Ma l'abbiamo detto prima, questo non c'entra nulla con l'amore.

Questa è l'incapacità di esistere al di fuori del rapporto con l'altro, la non accettazione che lei possa vivere senza di lui. Ma niente giustifica il togliere la vita a un'altra persona.

 

Si è parlato ancora una volta di raptus.

Ma che raptus, questa è una bella scusa. C'è qualcosa di malato nel comportamento all'origine di questi fatti.

 

All'origine c'è un uomo che uccide.

Infatti, questi eventi sono tipicamente maschili, tanto è vero che a livello internazionale è stata coniata una parola forte per definirli.

 

Femminicidio.

Certo, il femminicidio, ammazzata perché donna, perché è la 'propria' donna addirittura. C'è qualcosa di profondamente sbagliato in questo modello maschile.

 

Il numero delle donne morte ammazzate per mano dei propri compagni è però stabile.

Il problema è che mentre in Italia e in Occidente, da diversi anni, gli omicidi in generale diminuiscono, il femminicidio, l'ammazzare una donna perché è una donna, diminuisce in modo molto ma molto minore.

 

Sono dunque importanti le campagne mediatiche contro il fenomeno dei femminicidi?

Più che le campagne serve l'educazione. Fin da piccoli si dovrebbe imparare che l'amore non è unidirezionale, che non significa proprietà, non dev'essere un legame impossibile da sciogliere. Fin da piccoli si dovrebbe insegnare il rispetto, qui la questione sta nei rapporti di genere.

 

Anche agli adulti qualcosa andrebbe insegnato.

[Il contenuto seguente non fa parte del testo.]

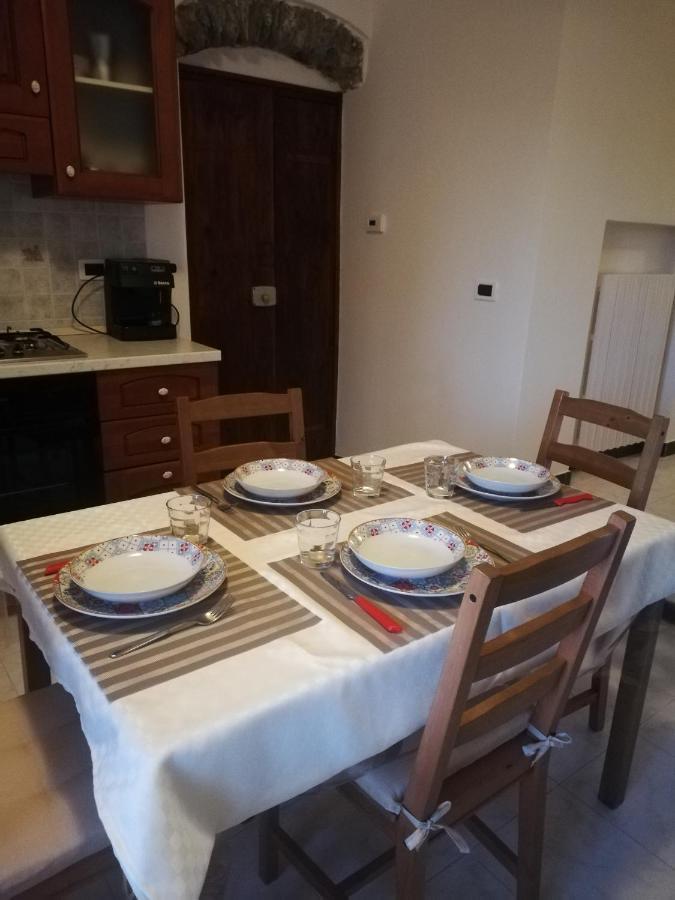 Monolocale Con Giardino E Parcheggio Privato Citra Zero Zero Ottanta Trentuno Lt 0281 Apartment Империа Екстериор снимка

Servirebbero campagne mirate sugli uomini affinché imparassero a leggere i propri segnali problematici. Ma anche alle donne, perché siano in grado di capire fin da subito quando problematico è il rapporto stesso.

 

Spesso i segnali ci sono, non è così?

All'inizio non sembrano pericolosi, sembrano premurosi. E spesso alcuni comportamenti si giustificano: 'Non mi fa vedere le mie amiche perché mi vuole tutta per sé'. Ecco, ancora una volta, questo non è amore.

 

E nemmeno uno schiaffo, seppur piccolo.

Al primo schiaffo si devono alzare le antenne. Perché gli schiaffi non scappano, non devono scappare. E comunque, quando un uomo pensa di non poter vivere senza la 'propria' donna, beh, anche in questo caso di amore non c'è più traccia.